One advantage of beginning early is seeing your reactions change. When I was 15, Heathcliff was desperately romantic. At 45? What a shmuck!
Another one. 'Greatest American Novel Since WWII'? www.nytimes.com/2012/09/21/booming/21friday-booming.html?smid=tw-nytimes
"Lolita"? "Catch 22"? "Garp"? Another Irving: "Owen Meany." Are short story collections eligible? If so, there's "Cathedral" and "The Things They Carried." And, just a personal favorite, "This Boy's Life."
John Irving is my guiltiest pleasure, and I love Owen Meany, but even I will put foot down and say that no way anything he has done belongs in any greatest book list, even if you limit it to the last 50 years. You want to argue for Michael Chabon, OK. Or a Cormac McCarthy, fine. But no way on Irving, in my humble humble.

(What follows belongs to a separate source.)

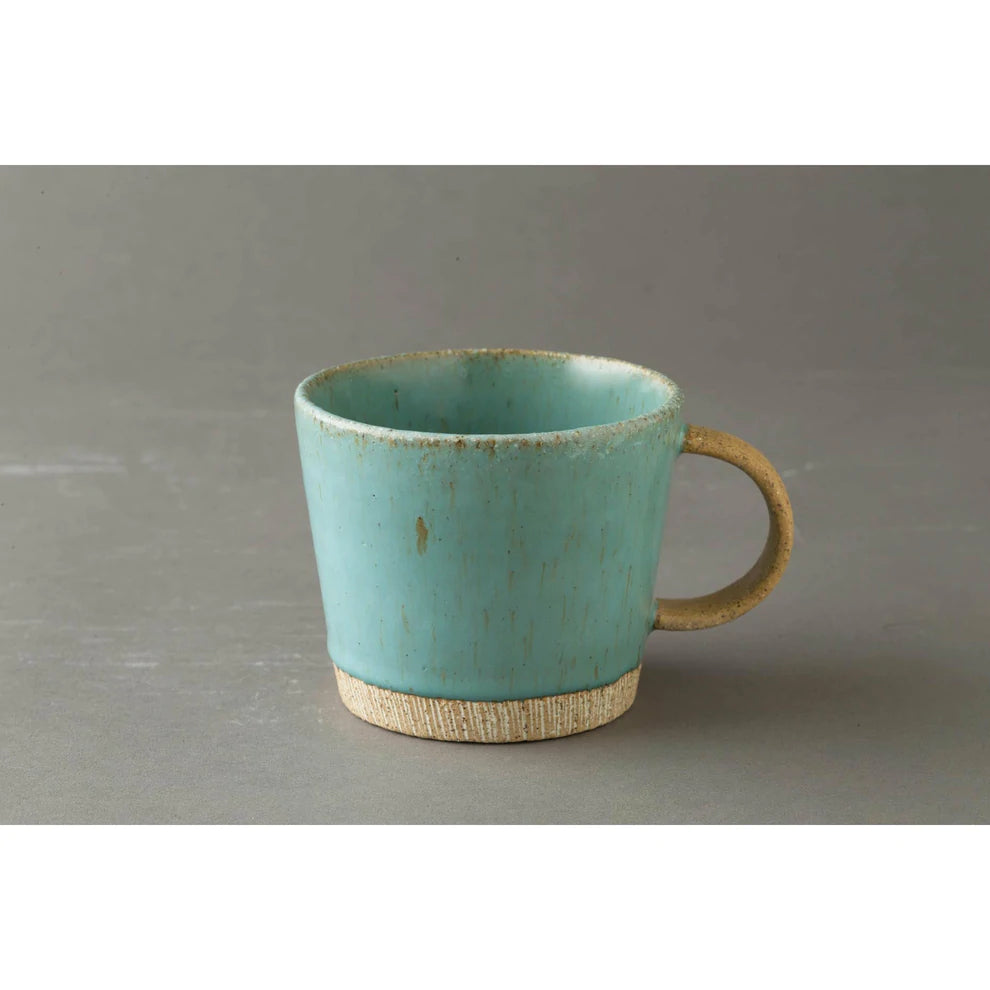 Turquoise colour pottery mug with brown coloured handle and base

Would the modern-day equivalent be hacking into the sites selling the e-reader form and deleting from the seller's inventory or doing a browser highjack anytime someone tried to download it?
Six pages and nobody's mentioned my error? Huffington is calling it best novel and in my thread title I called it greatest novel.
I'm never sure. A 'composite novel' or a book of 'interrelated shorts stories'? Is 'Winesburg, Ohio' a novel or a short story cycle?